I suppose the Maron wraparound stuff could have been jettisoned without much trouble, but, honestly, he’s funny in his Simpsons-ized incarnation, and the way that Lisa and Bart come home from school to confront their parents with something like awe over their role in this infamous Hollywood (well, non-union Mexican equivalent) debacle is genuinely affecting. For a high-concept premise, the kids’ reaction is decidedly human, and brings the story back to the family nicely. Plus, there’s something acutely compelling about a story based on the discovery of forgotten film culture that just resonates. With a middle-aged movie geek whose second-hand purchase of Danny Peary’s Cult Movies books and Psychotronic Magazine, surely. But also as the episode’s way of engaging with a new generation’s relationship with technology and pop culture.

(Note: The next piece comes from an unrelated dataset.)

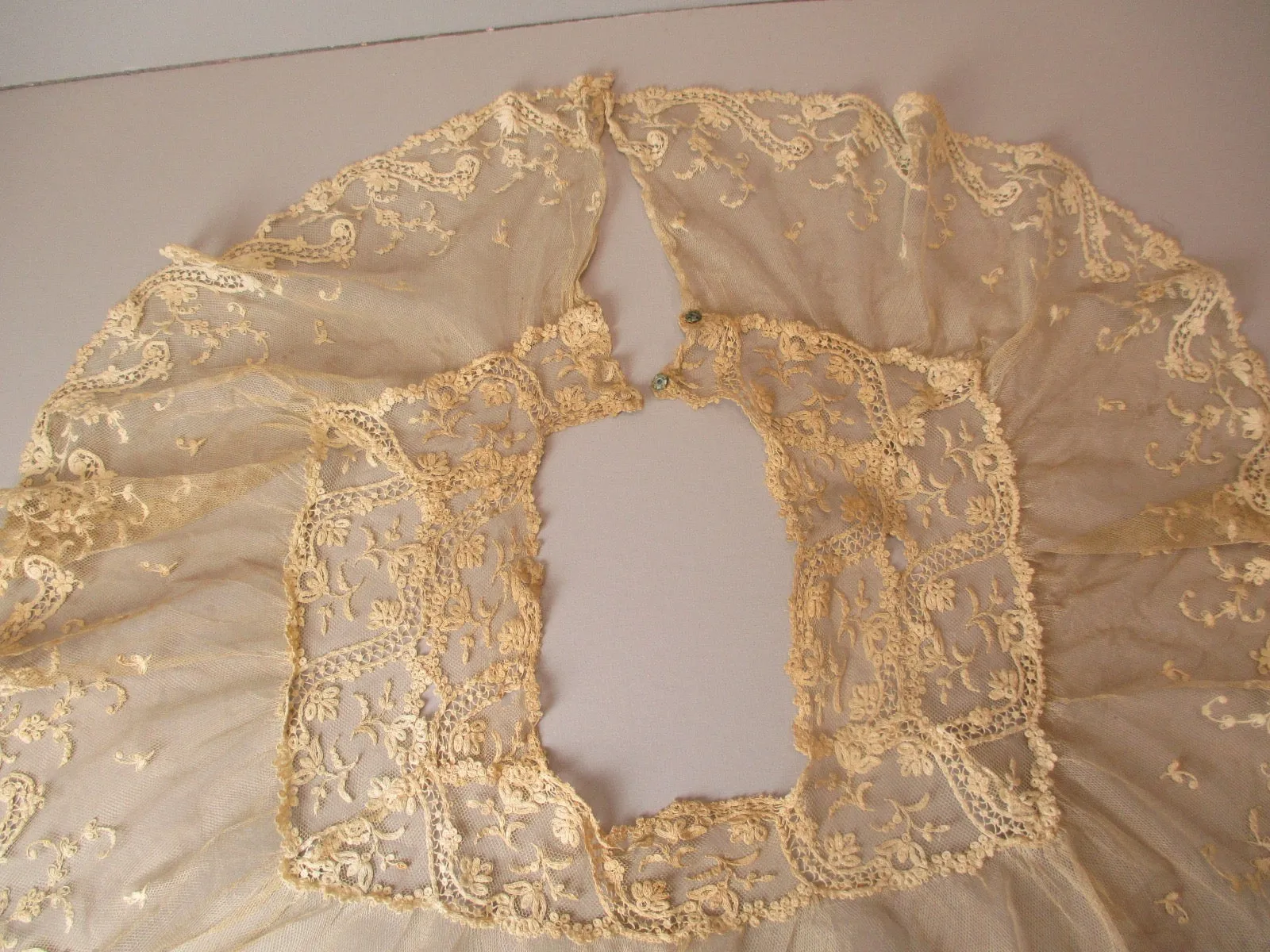 Antique Victorian Brussels lace Collar Tambour Embroidery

There’s a whiff of “those darn kids and their darn cell phones” sourness in the initial sequence of Springfield’s youth ignoring each other for lingo-laden group texts and whatnot. But that kids have a little rectangle of unlimited learning potential in their pockets (alongside their slingshots and frogs and so forth) has also changed how those same kids are experiencing older culture. Bart initially dismisses Lisa’s fandom of Maron’s podcast as nothing but a lot of old has-beens (and Loudon Wainwright) self-indulgently reminiscing about boring stuff—before excitedly twigging to the fact that his favorite has-been, Krusty, has done exactly the same. Jamming one of the grossed-out Lisa’s earbuds into his squishy ear canal, Bart and Lisa then share the experience of listening to someone whose work has informed their cultural universe expound upon the things that informed his cultural universe. In such ways are young fans transformed into cultural archaeologists, miners of abstruse entertainment trivia, and, may god help them, potential professional cultural critics. Linking their cultural journey to their personal one here is a canny way to tie the story together, and to make its concept of the week structure feel right at home.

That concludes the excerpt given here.